- Born: James William Head III August 30, 1941 (age 85) United States of America
- Education: Washington and Lee University (B.S.), Brown University (Ph.D.)
- Known for: Geological evolution of planetary surfaces, Apollo program contributions
- Awards: Penrose Medal (2015), Shoemaker Distinguished Lunar Scientist Medal (2013), Norman L. Bowen Award (2013)
- Scientific career
- Fields: Planetary geology, volcanology, comparative planetology
- Workplaces: Brown University

= James W. Head =

American planetary geologist

James W. Head III (born August 30, 1941) is an American planetary geologist who is the Louis and Elizabeth Scherck Distinguished Professor of Geological Sciences at Brown University.

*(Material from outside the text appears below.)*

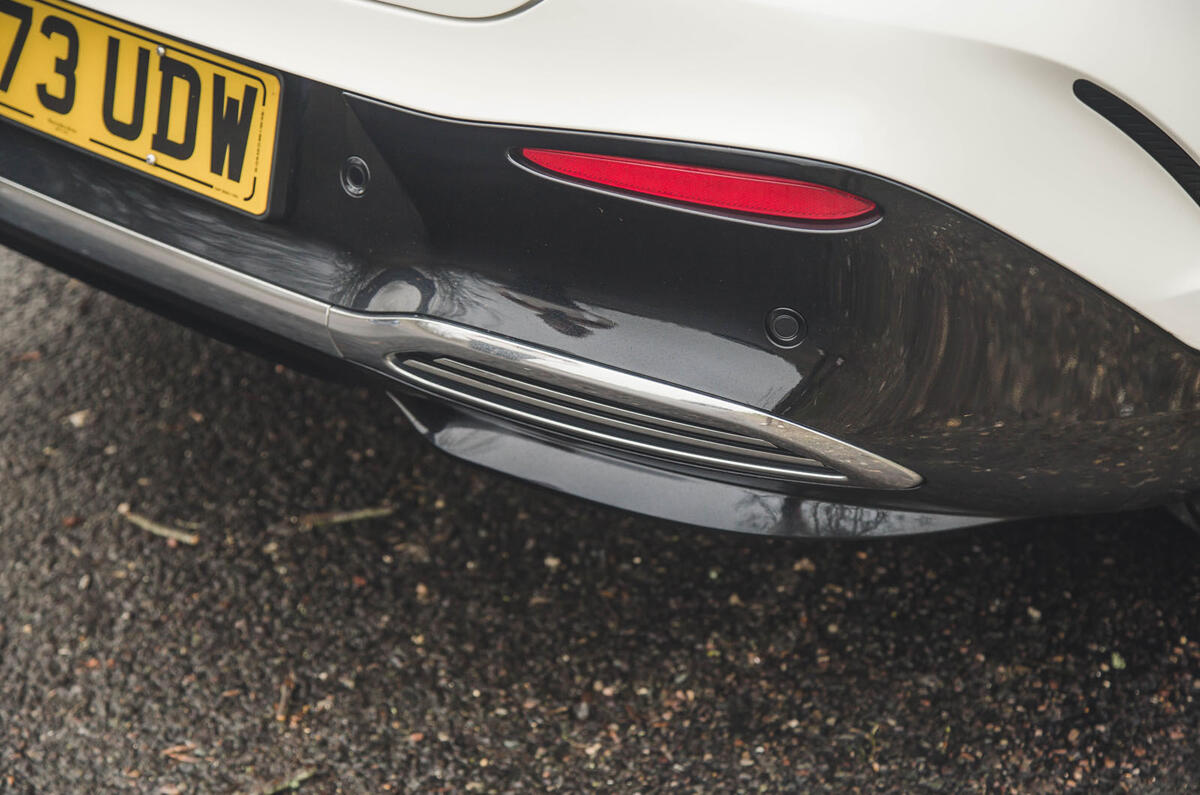 mercedes eqs suv review 2024 09 fke exhausts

He specializes in the study of volcanic, tectonic, and glacial processes that shape planetary surfaces. Head has been instrumental in advancing planetary science through his work with the National Aeronautics and Space Administration (NASA) Apollo program, international space missions, and comparative planetology research.

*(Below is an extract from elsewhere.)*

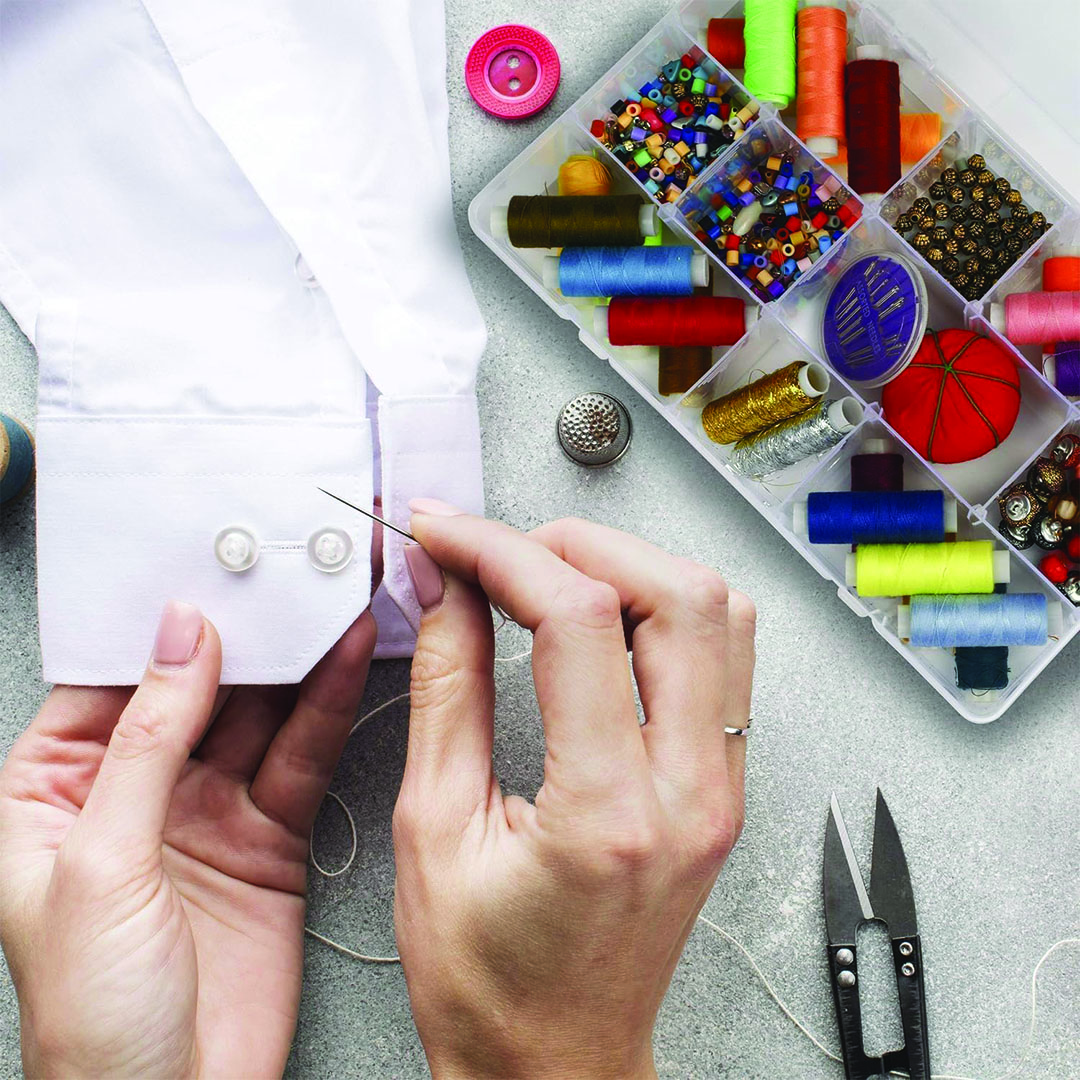 صندوق تخزين للأعمال اليدويه - 10 قسم - شفاف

== Early life and education ==
James W. Head III was born on August 30, 1941. He earned his Bachelor of Science (B.S.) degree from Washington and Lee University in 1964 and completed his Ph.D. in Geological Sciences at Brown University in 1969.

== Career ==
Head began his career at Bellcomm, Inc., where he contributed to NASA's Apollo program by analyzing potential lunar landing sites, training astronauts in geological fieldwork, and studying returned lunar samples. In 1973, he joined the faculty at Brown University, where he has since supervised nearly 40 Ph.D. students.

Head has been involved in numerous international space missions as an investigator, including:
- NASA's Lunar Reconnaissance Orbiter (LRO)
- ESA's Mars Express mission
- NASA's MESSENGER mission to Mercury

== Research contributions ==
Head's research focuses on the geological processes that shape planetary surfaces, such as volcanism, tectonism, impact cratering, and glaciation. His fieldwork includes studies on active volcanoes in Hawaii and Mount St. Helens, deep-sea volcanic deposits via submersible dives, and cold-climate processes during five field seasons in Antarctica.

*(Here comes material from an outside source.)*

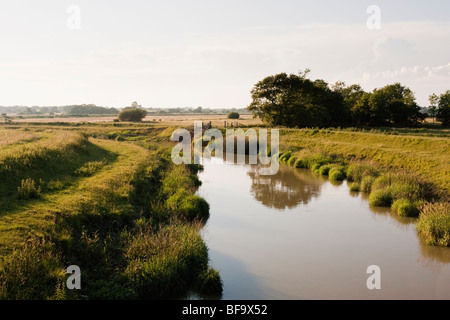 Le long de la rivière Adur Downs Link Cycle path dans le Kent. Banque D'Images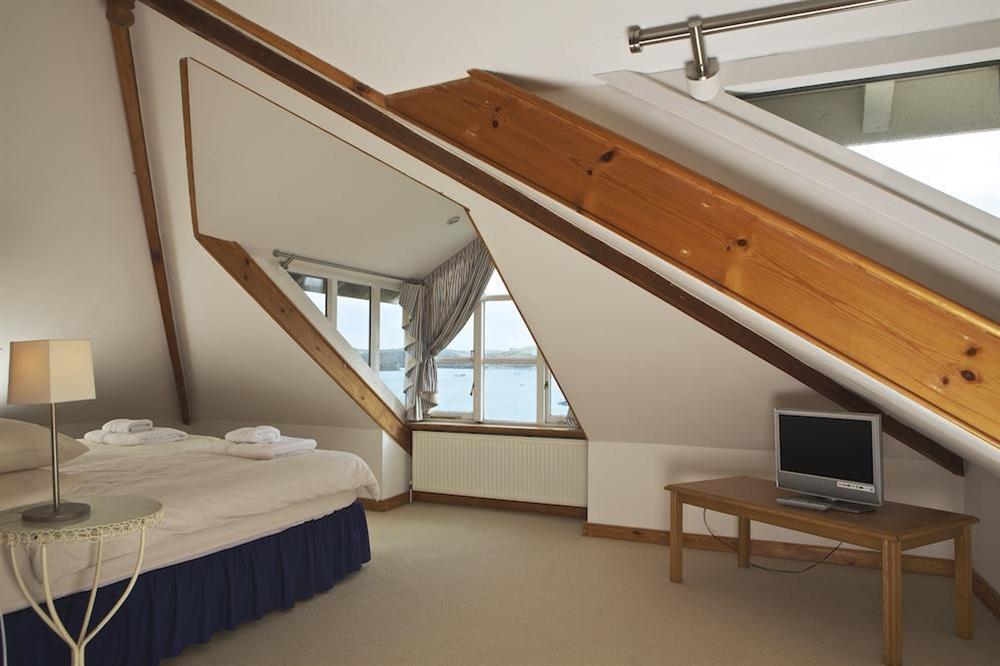 Twin bedroom (photo 2) at The Custom House in Union Street, Salcombe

He has published over 750 scientific papers and book chapters on planetary geology. His work has significantly advanced understanding of the Moon's geological history and the evolution of other planetary bodies like Mars, Venus, Mercury, and icy moons.

== Awards and honors ==
Head has received numerous prestigious awards for his contributions to geology and planetary science:
- Fellow of the American Association for the Advancement of Science (1993)
- Fellow of the American Academy of Arts and Sciences (2006)
- The G.K. Gilbert Award from the Geological Society of America (2002)
- The Runcorn-Florensky Medal from the European Geosciences Union (2010)
- The Norman L. Bowen Award from the American Geophysical Union (2013)
- The Shoemaker Distinguished Lunar Scientist Medal from NASA (2013)
- Penrose Medal from the Geological Society of America (2015)

== Legacy ==
James W. Head III is widely regarded as a pioneer in planetary geology for integrating terrestrial geological insights into planetary science. His work with NASA's Apollo program laid the foundation for modern lunar exploration strategies. He continues to collaborate internationally on space missions with agencies such as ESA, NASA, Russia's Roscosmos, and China's Lunar Exploration Program.

The asteroid 10110 Jameshead in the main asteroid belt, discovered in 1992 at the Palomar Observatory, was named in his honor.